In early May, the Financial Times of London carried an in-depth feature on the City of London as a global money laundering hub, which included an expose of the Swiss private bank BSI in the UK.
The paper revealed that a former employee of BSI in the UK had warned regulatory watchdogs that BSI bankers were providing services that could facilitate money laundering and tax evasion. The story described the tricks of the trade used to provide a cover for such activities, including the use of shell companies registered in a tax haven “such as the British Virgin Islands, where its ownership can be kept secret”.
From around the time Swiss financial services regulator Finma raised the alarm, BSI in Singapore has been in the crosshairs of investigations.

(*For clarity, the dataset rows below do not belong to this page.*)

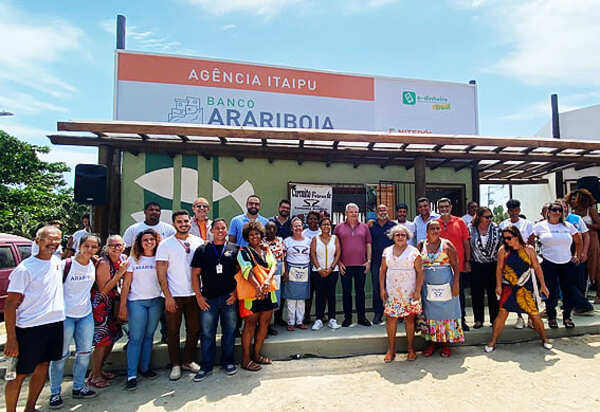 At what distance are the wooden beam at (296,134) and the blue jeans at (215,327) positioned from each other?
2.56m

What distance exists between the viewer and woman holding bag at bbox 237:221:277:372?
369cm

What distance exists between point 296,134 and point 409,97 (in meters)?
4.66

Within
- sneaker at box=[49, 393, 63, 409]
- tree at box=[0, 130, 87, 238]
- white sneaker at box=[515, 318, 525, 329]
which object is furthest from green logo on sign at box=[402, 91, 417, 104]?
tree at box=[0, 130, 87, 238]

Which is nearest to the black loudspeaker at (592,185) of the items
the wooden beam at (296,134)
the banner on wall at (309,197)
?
the wooden beam at (296,134)

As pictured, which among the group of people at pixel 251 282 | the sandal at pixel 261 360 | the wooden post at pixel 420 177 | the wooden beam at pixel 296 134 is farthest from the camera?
the wooden post at pixel 420 177

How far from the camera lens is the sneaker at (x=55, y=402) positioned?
3157mm

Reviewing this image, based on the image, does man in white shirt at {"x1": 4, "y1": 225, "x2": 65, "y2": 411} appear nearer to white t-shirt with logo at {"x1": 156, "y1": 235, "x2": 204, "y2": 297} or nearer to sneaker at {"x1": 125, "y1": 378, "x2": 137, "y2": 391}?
sneaker at {"x1": 125, "y1": 378, "x2": 137, "y2": 391}

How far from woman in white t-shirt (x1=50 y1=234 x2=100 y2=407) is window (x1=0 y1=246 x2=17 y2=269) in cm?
499

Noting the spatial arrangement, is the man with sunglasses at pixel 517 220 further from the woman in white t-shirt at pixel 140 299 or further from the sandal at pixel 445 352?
the woman in white t-shirt at pixel 140 299

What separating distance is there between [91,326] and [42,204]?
17.5 m

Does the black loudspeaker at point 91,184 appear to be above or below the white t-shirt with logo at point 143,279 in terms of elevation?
above

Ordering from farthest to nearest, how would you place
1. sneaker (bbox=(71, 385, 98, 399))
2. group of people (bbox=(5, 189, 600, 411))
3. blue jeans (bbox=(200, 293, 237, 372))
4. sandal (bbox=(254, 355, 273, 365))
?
sandal (bbox=(254, 355, 273, 365)), blue jeans (bbox=(200, 293, 237, 372)), sneaker (bbox=(71, 385, 98, 399)), group of people (bbox=(5, 189, 600, 411))

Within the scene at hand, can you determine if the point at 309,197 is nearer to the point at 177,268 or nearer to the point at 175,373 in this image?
the point at 177,268

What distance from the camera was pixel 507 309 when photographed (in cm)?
425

And inevitability the link to 1MDB, BSI Singapore’s largest client, was on the minds of many.
How was 1MDB involved? Let’s look specifically at the case of what happened after 1MDB wound up its controversial US$1.8bn investment in Petrosaudi International Ltd. 1MDB claimed it had somehow made a profit of US$0.4bn. This meant it had about US$2.2bn (RM7-8bn) – though a few doubters harboured scepticism about whether the amount existed in full, given all the controversial transfers that had taken place at Petrosaudi.
What bewildered many observers was that instead of bringing these ‘funds’ back to Malaysia, 1MDB then brazenly(!) used a subsidiary, Brazen Sky Ltd (registered in the British Virgin Islands, of course), to park the ‘US$2.2bn’ in an outfit called Bridge Global Absolute Return Fund Segregated Poftfolio Company. (What a mouthful; let’s just call it Bridge Global).